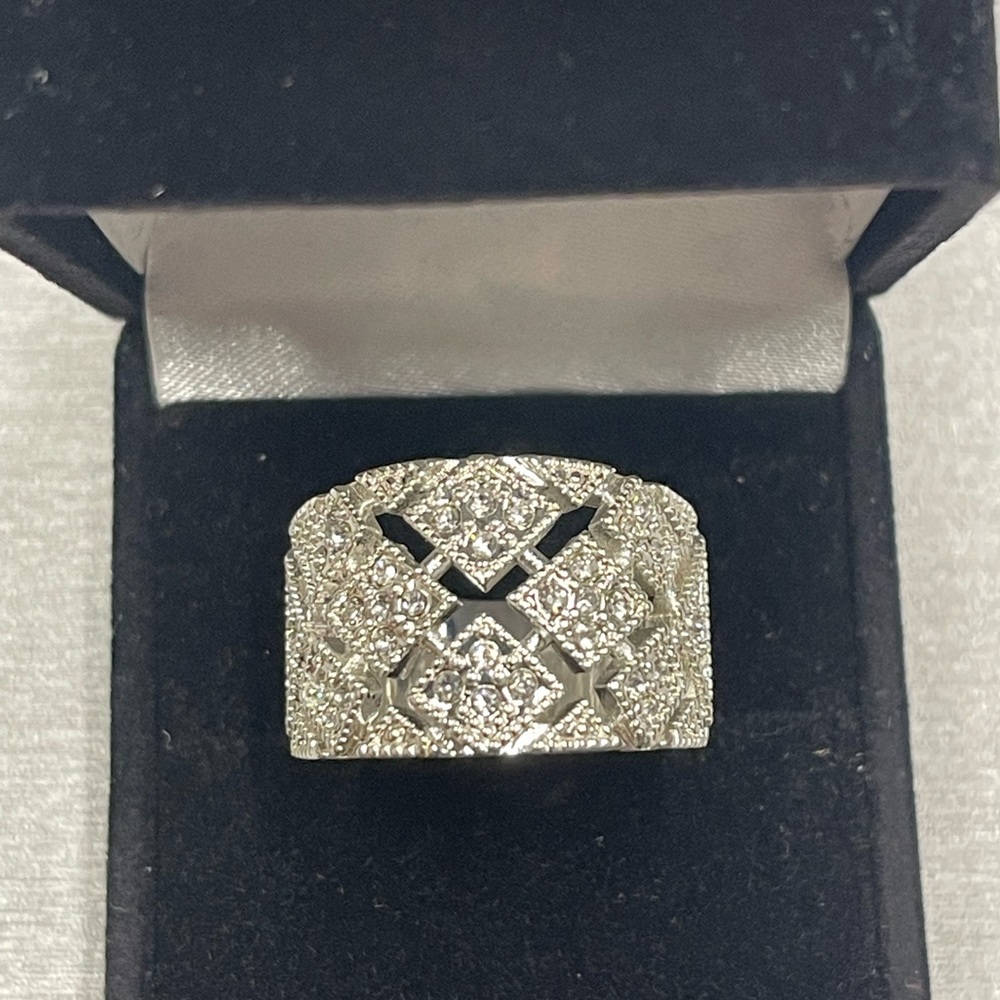 Ladies Fashion Ring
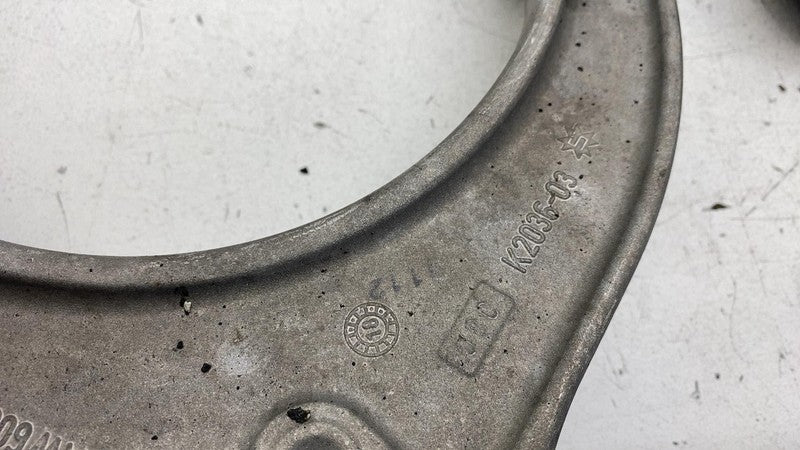 2018-2020 BMW 530e Front Left Spindle Knuckle w/ Upper & Lower Control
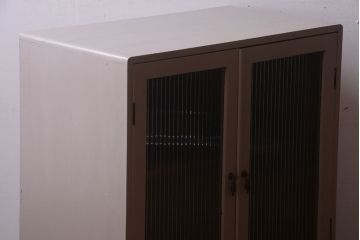 アンティーク家具　引き出し付き!モールガラス入りのおしゃれなペイント収納棚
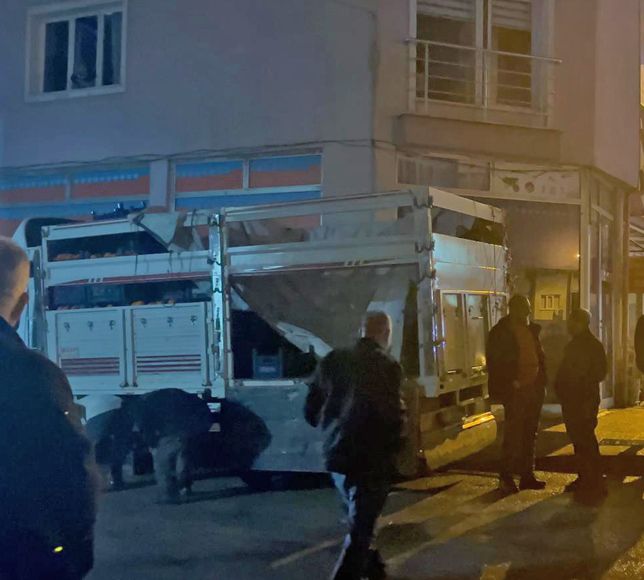 Mersin'de 4'üncü kattan kamyonet kasasına düşen çocuk ağır yaralandı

+ + + + + + +

| What needs to be done |
Quote the data above in full and without alteration; skip the pictures.

| Finished task |
 Ladies Fashion Ring
 2018-2020 BMW 530e Front Left Spindle Knuckle w/ Upper & Lower Control
 アンティーク家具　引き出し付き!モールガラス入りのおしゃれなペイント収納棚
 Mersin'de 4'üncü kattan kamyonet kasasına düşen çocuk ağır yaralandı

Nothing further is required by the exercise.